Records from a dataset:
_____
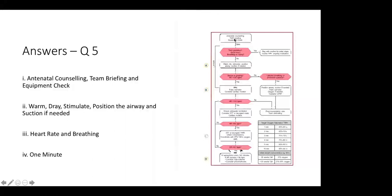Antenatal counseling, team briefing, equipment check. When the baby is born — a slight change from NRP 7th edition — warm, dry, stimulate, position the airway, and suction if needed. Monitor heart rate and breathing if the baby is not responding. You need to complete all initial steps within the golden minute.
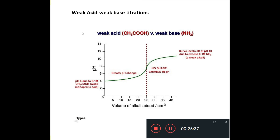For a weak acid versus weak base titration, the pH change at the equivalence point is not sharp enough for acid-base indicators to detect the endpoint. So you cannot use a normal acid-base indicator; instead, potentiometric measurements are used to determine the endpoint. Thank you for watching this video — if you found it useful, don't forget to share it and subscribe to the channel for more Chemistry Crackers.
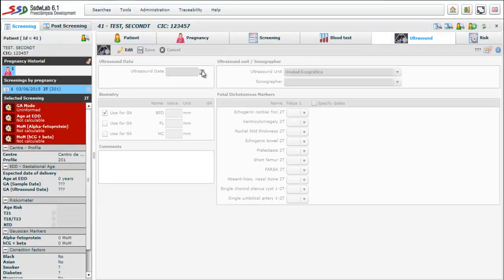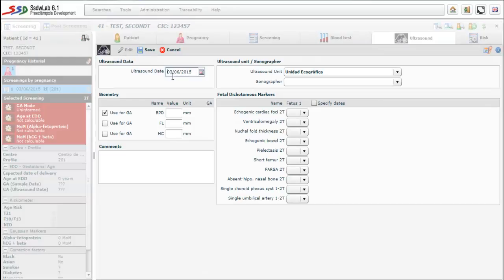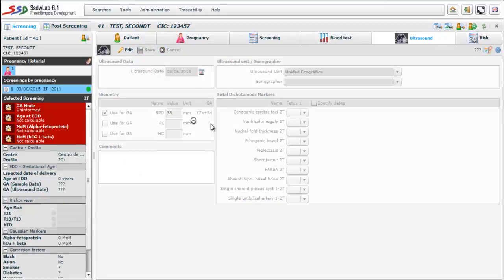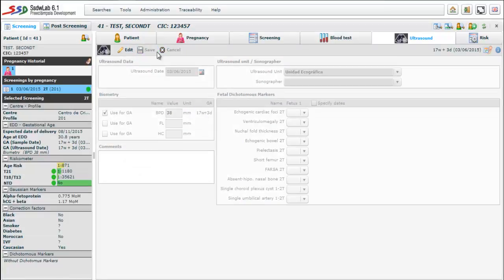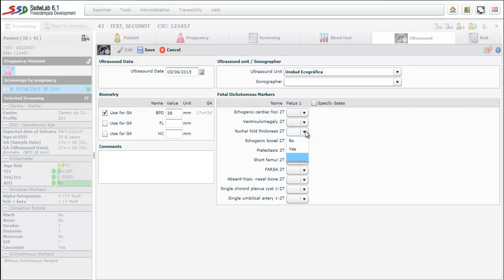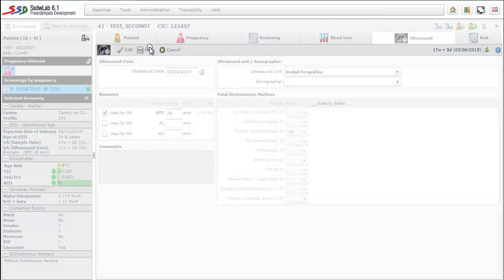The following tab is ultrasound folder. We introduce the date of the ultrasound. Then in biometric sector we mark use this to calculate gestational age and we introduce the value of BPD. We can detect how the weeks and days of gestational age are calculated. We can observe that there is a section called fetal dichotomous markers where there are several second trimester dichotomous markers such as echogenic cardiac foci, ventriculomegaly or nuchal fold thickness, that in case that the value is yes, the risk increases.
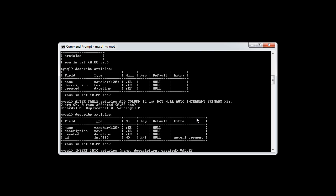Now we use the VALUES keyword and then in another set of brackets, we define the actual values that we want to insert. And these will be in relation to each other. So the first string value I give here will relate to name. The second will relate to description and the third will relate to created.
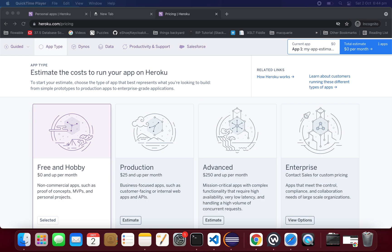Hello friends, welcome to the course. In this lesson we will see how to deploy our Spring Boot application, which we created in lesson 2, onto Heroku. Heroku is a PaaS — a Platform as a Service — where we can deploy our applications onto the cloud.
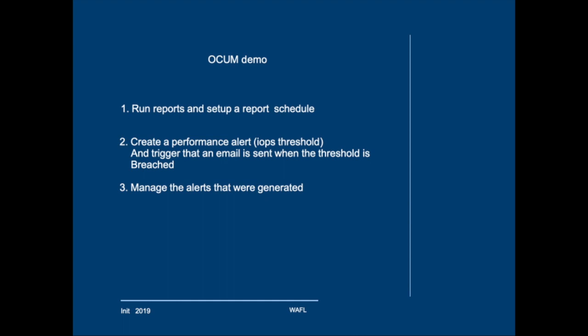We're going to finish this training with a small Unified Manager demo in which we'll look at capacity and performance. First we'll run reports and set up a report schedule.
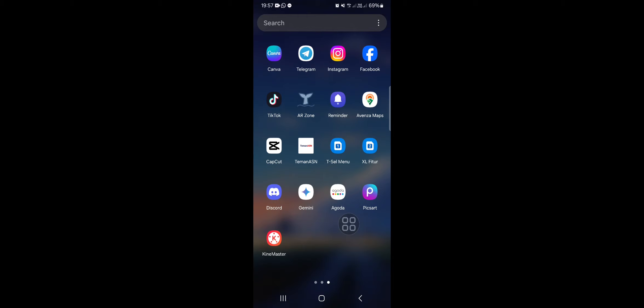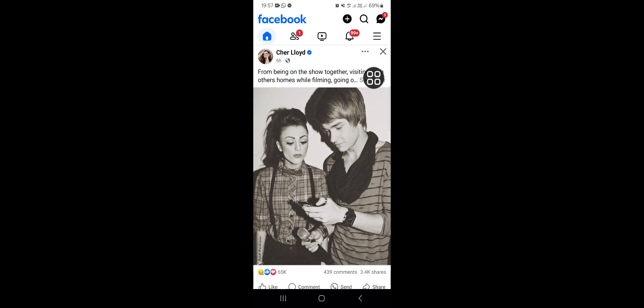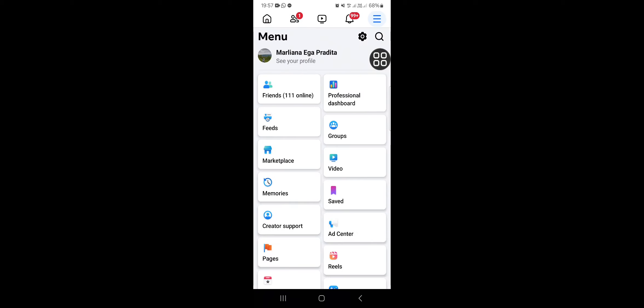I'm going to open up my Facebook and we're going to go to the Facebook settings. You can click on this three-lines icon and then click on the settings right here.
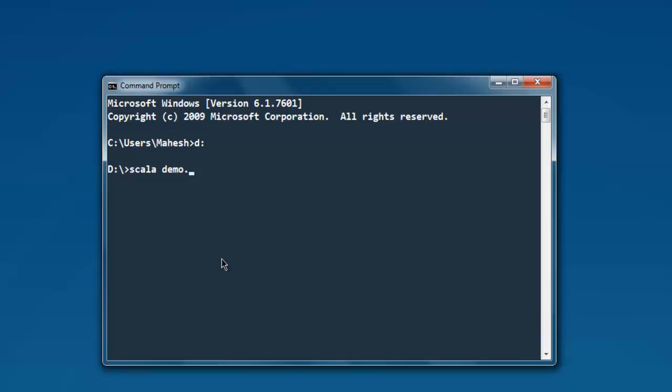And now when you hit enter, it will process, create one text file and then come up with a blank prompt.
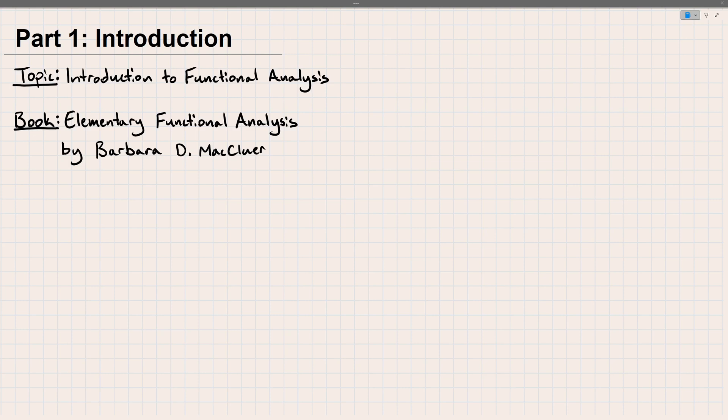Hello everyone, welcome back. This is the first video of hopefully many in a new series that I'm starting discussing functional analysis, just the basics. So these lectures will serve as an introductory course to functional analysis.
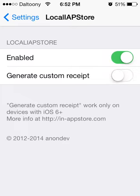It only works with iOS 6 and above, which most of you guys probably aren't on.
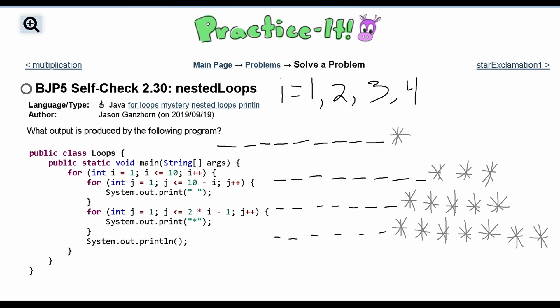Looking at the pattern: spaces have gone from 9 to 8 to 7 to 6 — decreasing by 1 each iteration. Stars have gone from 1 to 3 to 5 to 7 — increasing by 2 each iteration. We can notice this pattern and instead of grinding through every loop iteration, we can just apply the pattern going forward.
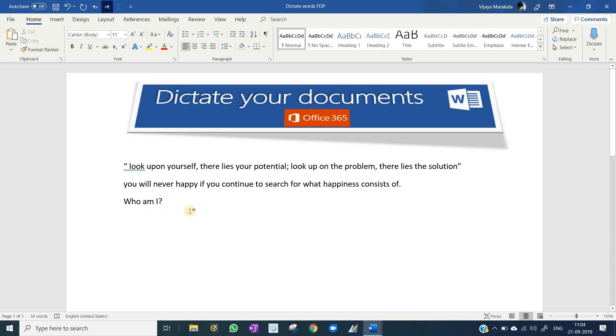This is a very useful, cool feature in Microsoft Word. But one thing, you need to have Office 365 account or you need to purchase Office 365. Then you can use this option called dictate. Thanks for watching.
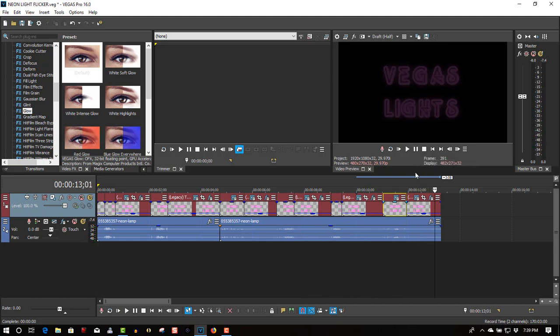So that's all you have to do to create a neon flickering lamp effect in Vegas Pro 16. It'll work in older versions as well, probably go right back to 9, probably still work.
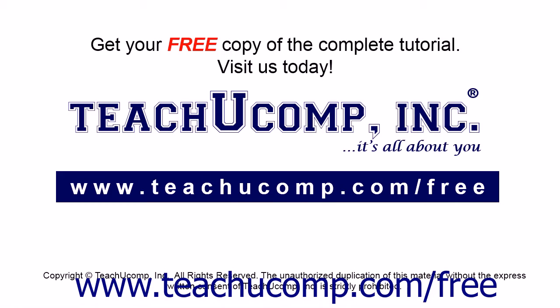Get your free copy of the complete tutorial at www.teachucomp.com/free.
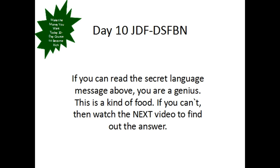Day 10: JDF-DSFBN. Again, this is the name of our today's video. If you can read the secret language message above, you are a genius. This is a kind of food. If you can't, then watch the next video to find out the answer.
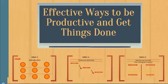Hello and welcome. In this video course we're going to talk about effective ways to be productive and get things done.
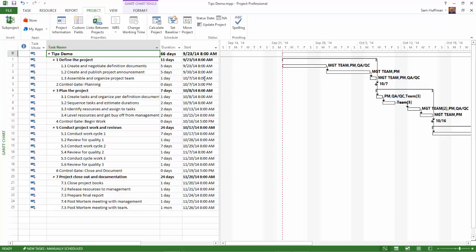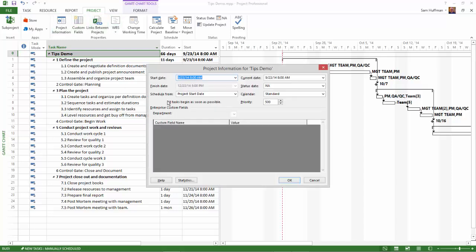Now I'm going to go back to Project Information. Note the new project start date. It's almost a year later. I changed it to 2014.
_____
BRIEF: A verbatim copy of the records is expected, from their first line through the line with "The following tab", inclusive, with the pictures removed.

TASK RESPONSE:
Antenatal counseling, team briefing, equipment check. When the baby is born — a slight change from NRP 7th edition — warm, dry, stimulate, position the airway, and suction if needed. Monitor heart rate and breathing if the baby is not responding. You need to complete all initial steps within the golden minute.
For a weak acid versus weak base titration, the pH change at the equivalence point is not sharp enough for acid-base indicators to detect the endpoint. So you cannot use a normal acid-base indicator; instead, potentiometric measurements are used to determine the endpoint. Thank you for watching this video — if you found it useful, don't forget to share it and subscribe to the channel for more Chemistry Crackers.
The following tab is ultrasound folder. We introduce the date of the ultrasound. Then in biometric sector we mark use this to calculate gestational age and we introduce the value of BPD. We can detect how the weeks and days of gestational age are calculated. We can observe that there is a section called fetal dichotomous markers where there are several second trimester dichotomous markers such as echogenic cardiac foci, ventriculomegaly or nuchal fold thickness, that in case that the value is yes, the risk increases.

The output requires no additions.